Making hoax and malicious calls is a criminal offence. Such calls tie up emergency crews so they are not available for real, potentially life-threatening incidents.

Humberside Fire and Rescue Service (HFRS) receives dozens of such calls every year, made from payphones, mobile phones and landlines. Malicious callers are not only an enormous drain on resources; their thoughtless behaviour endangers the lives and safety of the public.

All calls to our Control Room are recorded and can be instantly traced back to the caller. This doesn’t just apply to landlines; even calls from payphones and mobiles are taped and can be traced.

The consequences of making hoax or malicious calls

· All hoax and malicious calls are passed to the police as crimes. Tapes of the call, details of the incident and any witness statements will be provided as part of that criminal investigation.

· In all circumstances where it suspected that a hoax call has been made, HFRS will proactively supply evidence to the police to support the prosecution of offenders.

· Any perpetrator can be prosecuted for making such calls, and can face a hefty fine and/or up to six months in prison if convicted.

· HFRS has an agreement with the major phone companies that enables the disconnection of mobile phones and landlines if they have been used to commit hoax or malicious calls.

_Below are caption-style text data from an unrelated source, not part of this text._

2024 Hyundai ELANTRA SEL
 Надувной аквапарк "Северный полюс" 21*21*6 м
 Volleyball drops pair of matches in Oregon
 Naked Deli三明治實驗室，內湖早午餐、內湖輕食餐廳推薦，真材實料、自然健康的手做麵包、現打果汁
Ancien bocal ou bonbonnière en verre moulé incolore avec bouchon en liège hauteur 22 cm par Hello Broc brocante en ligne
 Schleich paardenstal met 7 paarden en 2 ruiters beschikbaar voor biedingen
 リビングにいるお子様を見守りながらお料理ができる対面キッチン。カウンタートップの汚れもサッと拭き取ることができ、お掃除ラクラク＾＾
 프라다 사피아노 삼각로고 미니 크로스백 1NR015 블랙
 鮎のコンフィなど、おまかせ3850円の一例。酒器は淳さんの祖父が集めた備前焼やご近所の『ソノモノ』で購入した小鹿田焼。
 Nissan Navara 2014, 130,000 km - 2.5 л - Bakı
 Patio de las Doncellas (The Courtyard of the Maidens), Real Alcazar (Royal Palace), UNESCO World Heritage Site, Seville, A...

If this happens, the owner of the phone will be blacklisted by all major networks and phone companies.

· In persistent problem areas, specialist or existing CCTV can be used to assist in identifying an offender.

How you can help

If you know of someone who makes hoax or malicious calls, you can call Crimestoppers anonymously on 0800 555 111.

Humberside Fire and Rescue Service’s Deputy Chief Fire Officer Niall McKiniry emphasised the severity of such action:

“Sending a significant amount of firefighters and appliances to what turns out to be nothing more than a hoax is, at best, frustrating and, at worst, deadly.

“The public rightly expect that we are ready to help them at a moment’s notice around the clock, but wasting time and money attending fictitious incidents costs seconds, if not minutes, which sadly can be the difference between life and death.”